**Assigned task:**
Return all entries verbatim; skip any pictures.

(Stored dataset items)
************

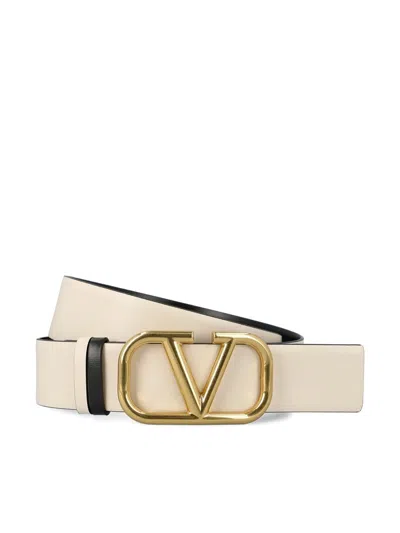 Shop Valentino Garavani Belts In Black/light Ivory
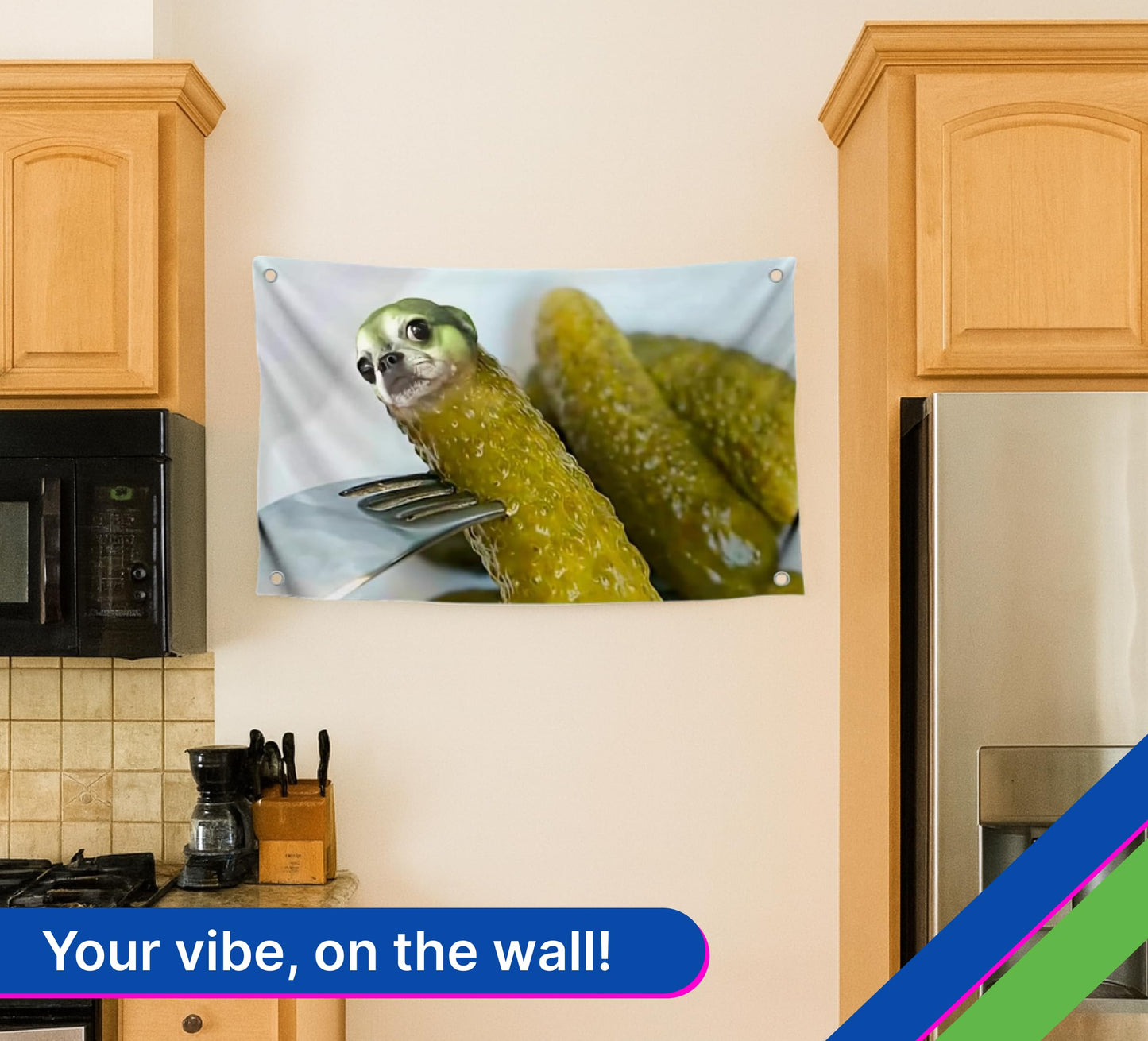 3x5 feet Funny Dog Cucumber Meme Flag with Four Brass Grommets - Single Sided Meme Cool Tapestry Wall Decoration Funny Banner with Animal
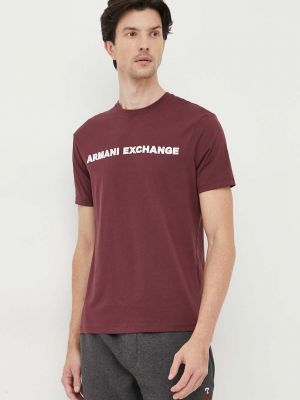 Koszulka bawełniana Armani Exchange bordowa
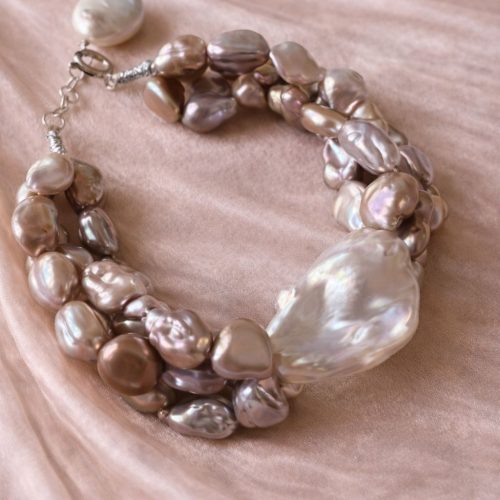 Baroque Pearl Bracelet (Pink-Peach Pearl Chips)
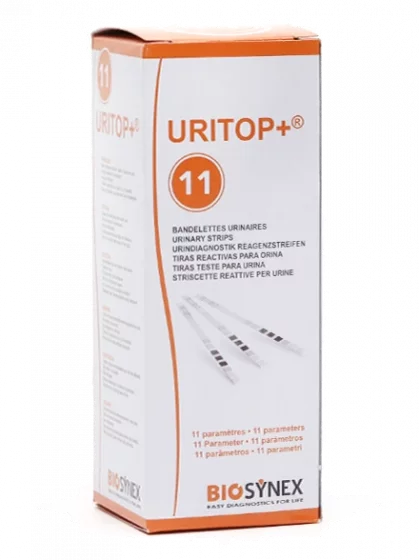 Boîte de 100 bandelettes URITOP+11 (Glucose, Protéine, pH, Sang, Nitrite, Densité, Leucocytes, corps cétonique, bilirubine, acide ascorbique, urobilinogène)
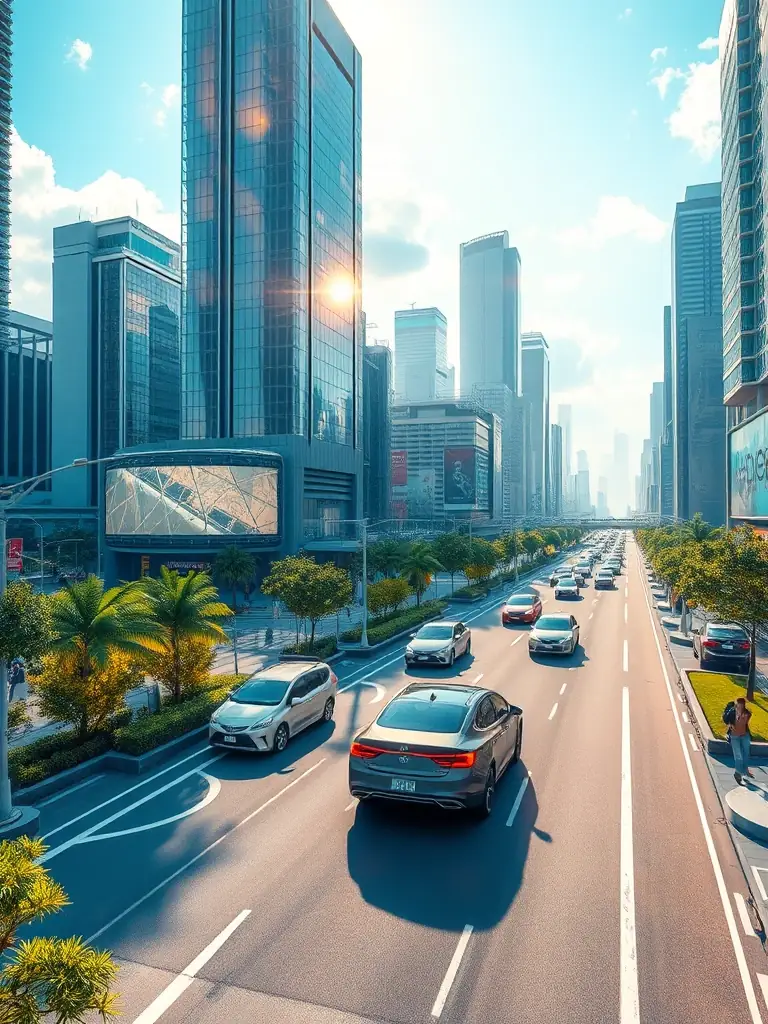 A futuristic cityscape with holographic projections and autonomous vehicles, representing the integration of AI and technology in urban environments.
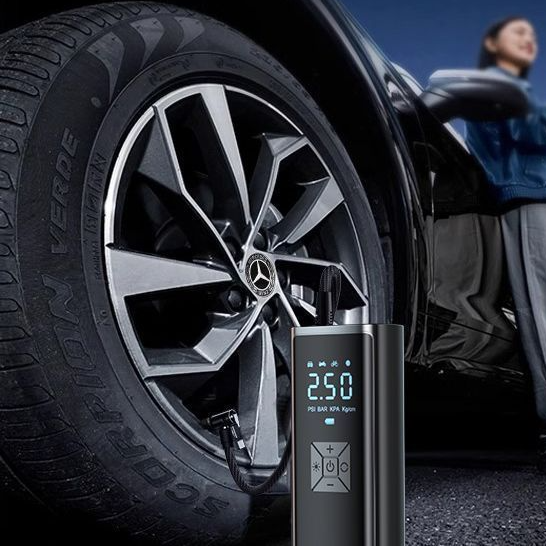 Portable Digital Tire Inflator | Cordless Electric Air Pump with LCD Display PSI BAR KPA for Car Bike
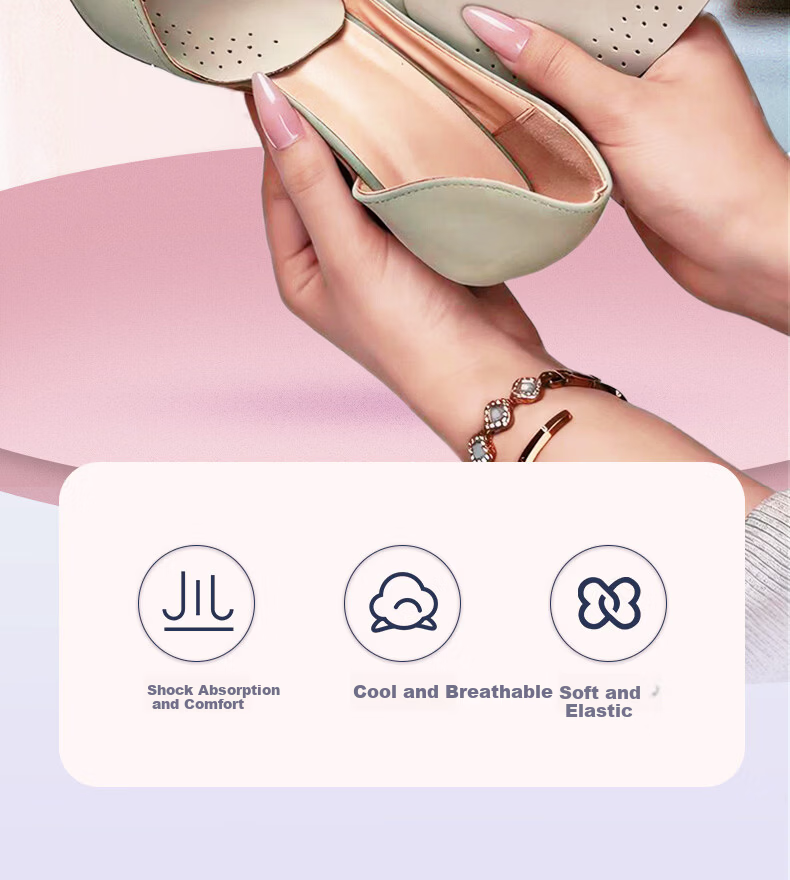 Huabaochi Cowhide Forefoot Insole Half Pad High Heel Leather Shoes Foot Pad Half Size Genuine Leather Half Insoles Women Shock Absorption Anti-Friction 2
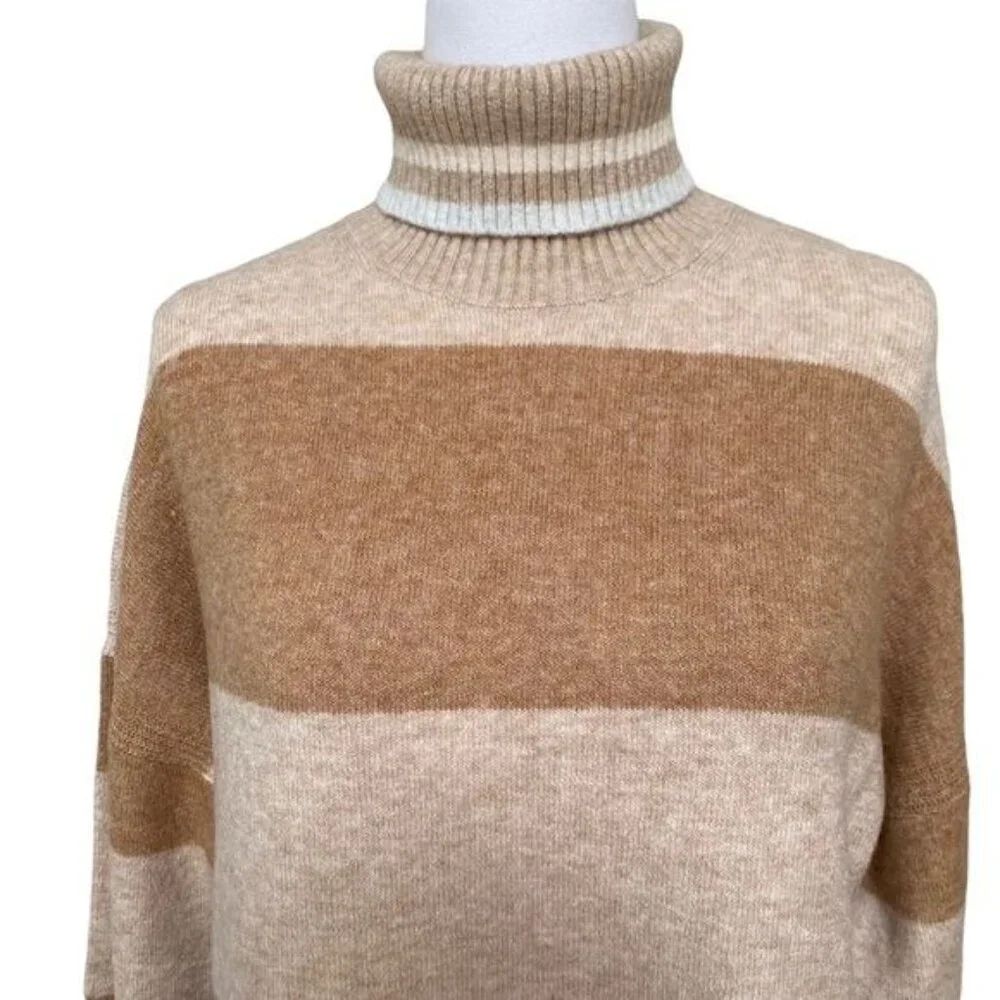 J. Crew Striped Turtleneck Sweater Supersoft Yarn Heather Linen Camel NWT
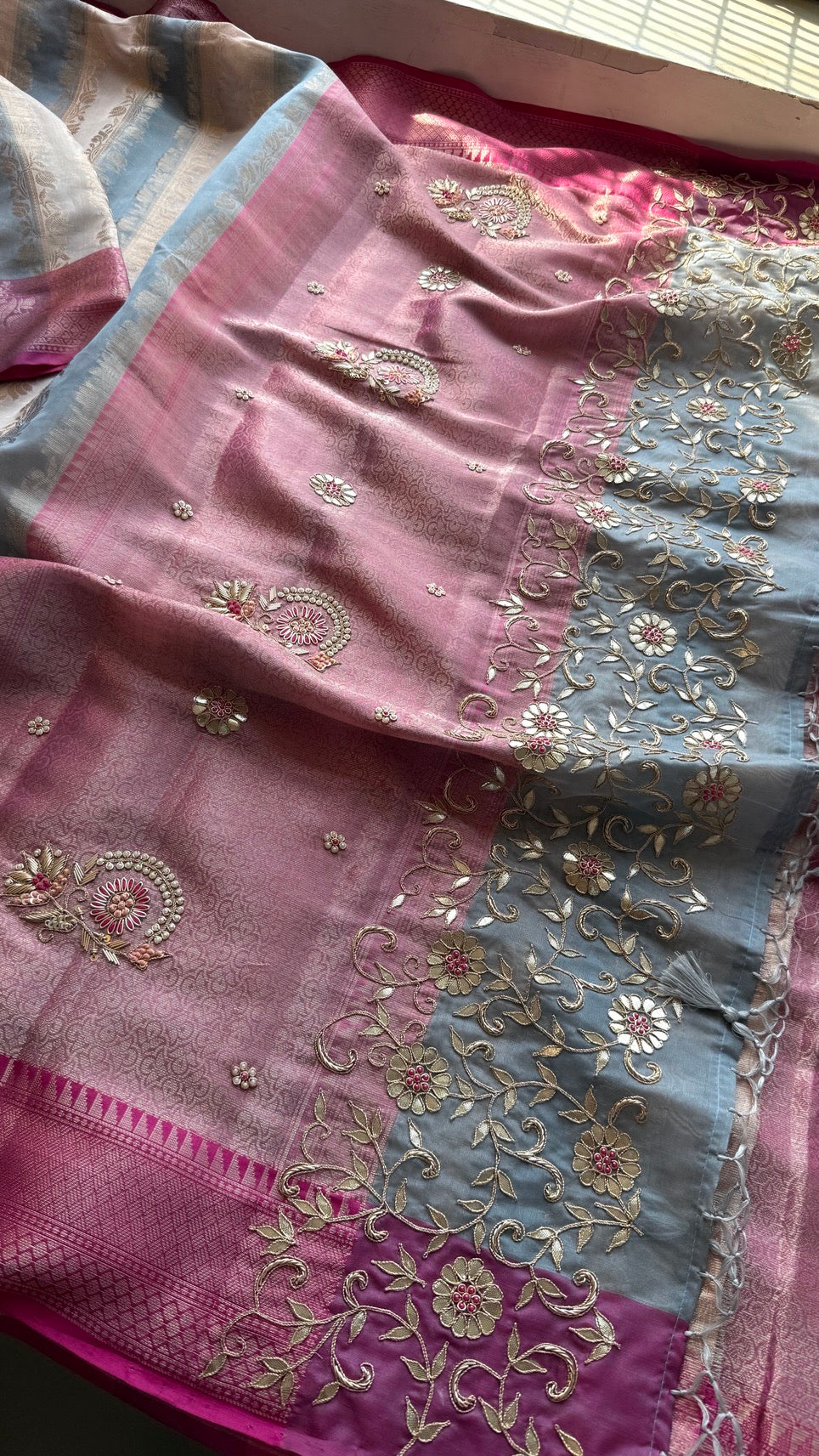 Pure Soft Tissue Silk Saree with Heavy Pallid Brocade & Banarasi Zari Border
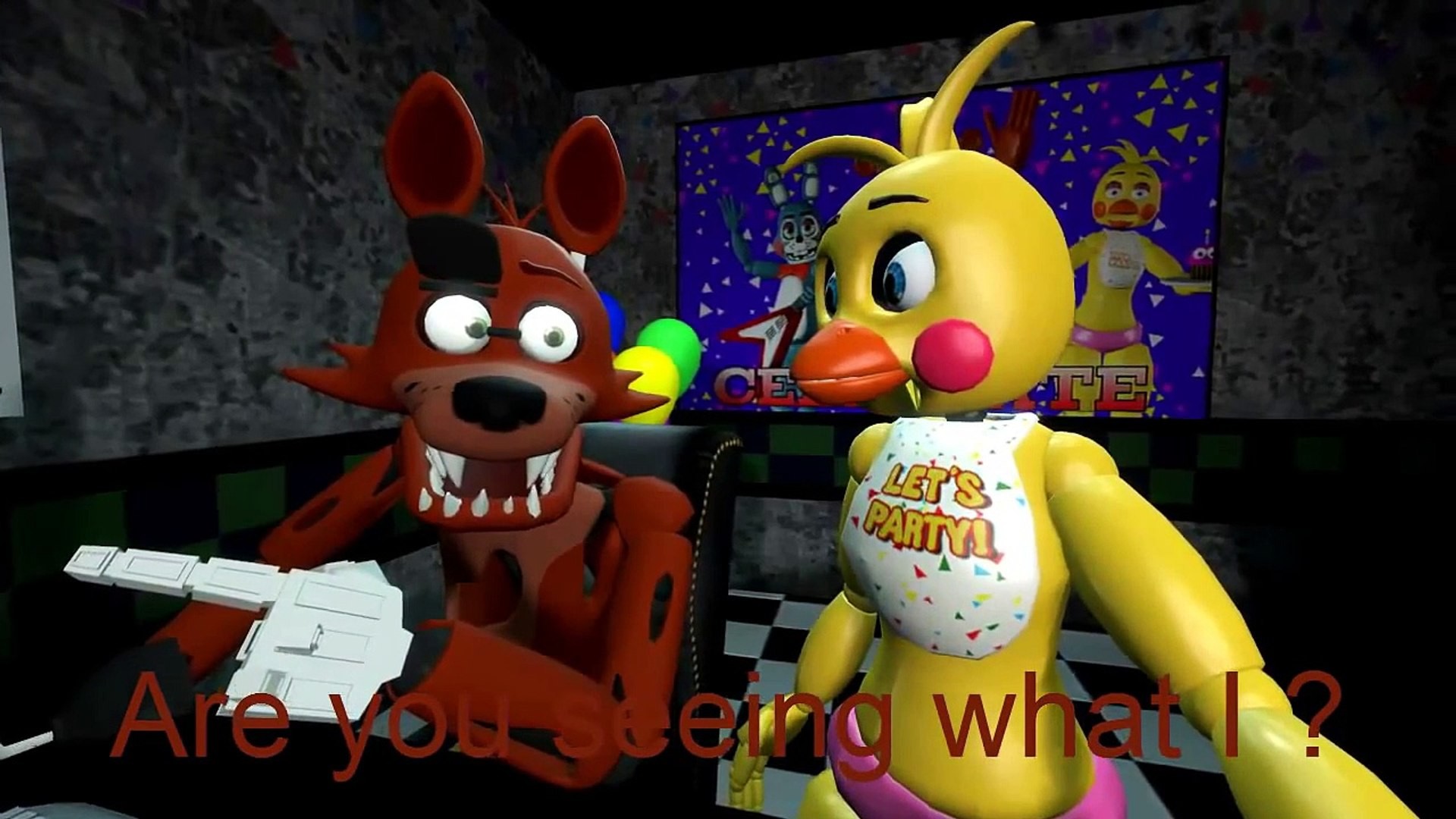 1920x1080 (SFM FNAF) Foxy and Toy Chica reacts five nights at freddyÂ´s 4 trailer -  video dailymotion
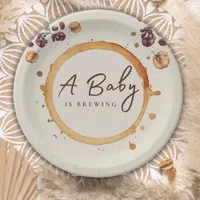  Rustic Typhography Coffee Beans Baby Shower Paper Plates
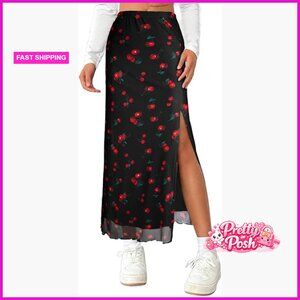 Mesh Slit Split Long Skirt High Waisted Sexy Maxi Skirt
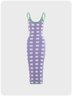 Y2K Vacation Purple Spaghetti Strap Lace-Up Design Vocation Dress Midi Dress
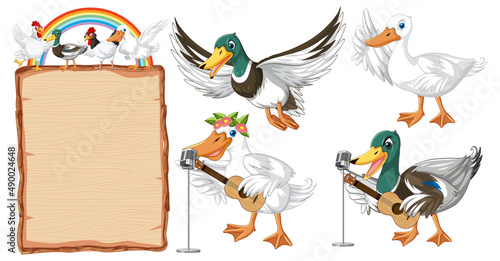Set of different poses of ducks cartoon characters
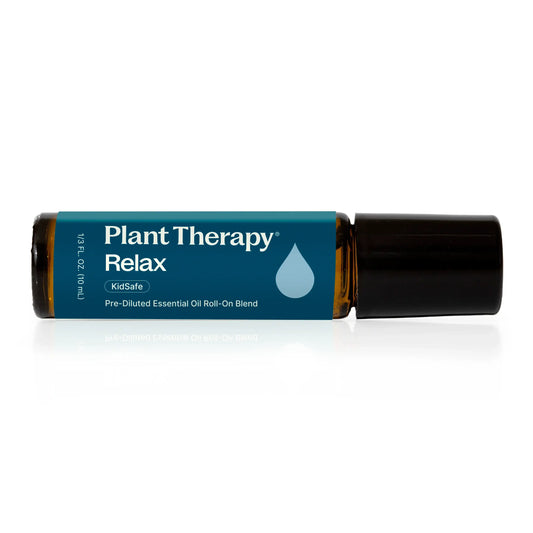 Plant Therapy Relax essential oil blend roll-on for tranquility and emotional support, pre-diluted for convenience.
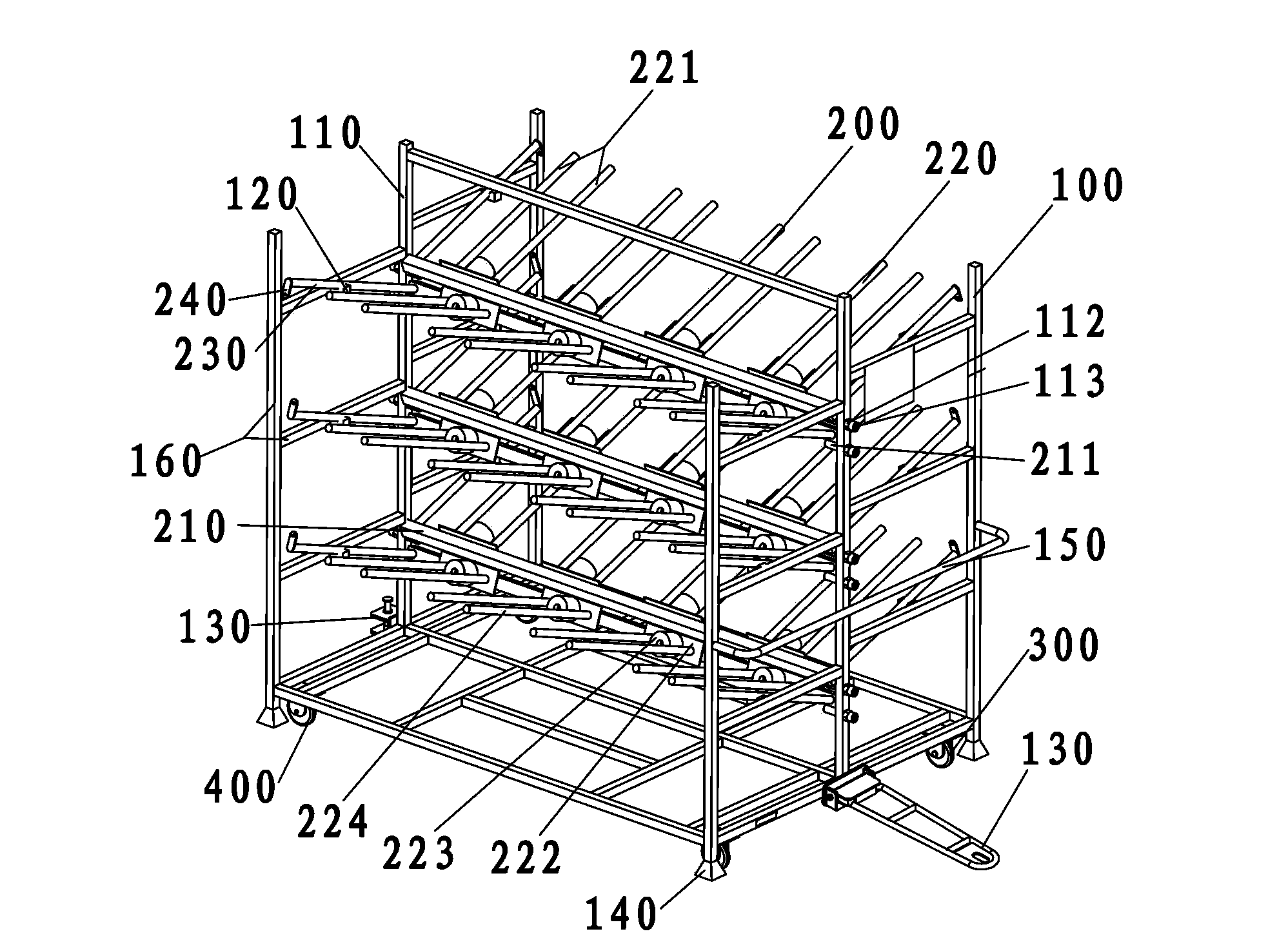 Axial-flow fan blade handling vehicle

************

**Answer to the exercise:**
 Shop Valentino Garavani Belts In Black/light Ivory
 3x5 feet Funny Dog Cucumber Meme Flag with Four Brass Grommets - Single Sided Meme Cool Tapestry Wall Decoration Funny Banner with Animal
 Koszulka bawełniana Armani Exchange bordowa
 Baroque Pearl Bracelet (Pink-Peach Pearl Chips)
 Boîte de 100 bandelettes URITOP+11 (Glucose, Protéine, pH, Sang, Nitrite, Densité, Leucocytes, corps cétonique, bilirubine, acide ascorbique, urobilinogène)
 A futuristic cityscape with holographic projections and autonomous vehicles, representing the integration of AI and technology in urban environments.
 Portable Digital Tire Inflator | Cordless Electric Air Pump with LCD Display PSI BAR KPA for Car Bike
 Huabaochi Cowhide Forefoot Insole Half Pad High Heel Leather Shoes Foot Pad Half Size Genuine Leather Half Insoles Women Shock Absorption Anti-Friction 2
 J. Crew Striped Turtleneck Sweater Supersoft Yarn Heather Linen Camel NWT
 Pure Soft Tissue Silk Saree with Heavy Pallid Brocade & Banarasi Zari Border
 1920x1080 (SFM FNAF) Foxy and Toy Chica reacts five nights at freddyÂ´s 4 trailer -  video dailymotion
  Rustic Typhography Coffee Beans Baby Shower Paper Plates
 Mesh Slit Split Long Skirt High Waisted Sexy Maxi Skirt
 Y2K Vacation Purple Spaghetti Strap Lace-Up Design Vocation Dress Midi Dress
Set of different poses of ducks cartoon characters
 Plant Therapy Relax essential oil blend roll-on for tranquility and emotional support, pre-diluted for convenience.
 Axial-flow fan blade handling vehicle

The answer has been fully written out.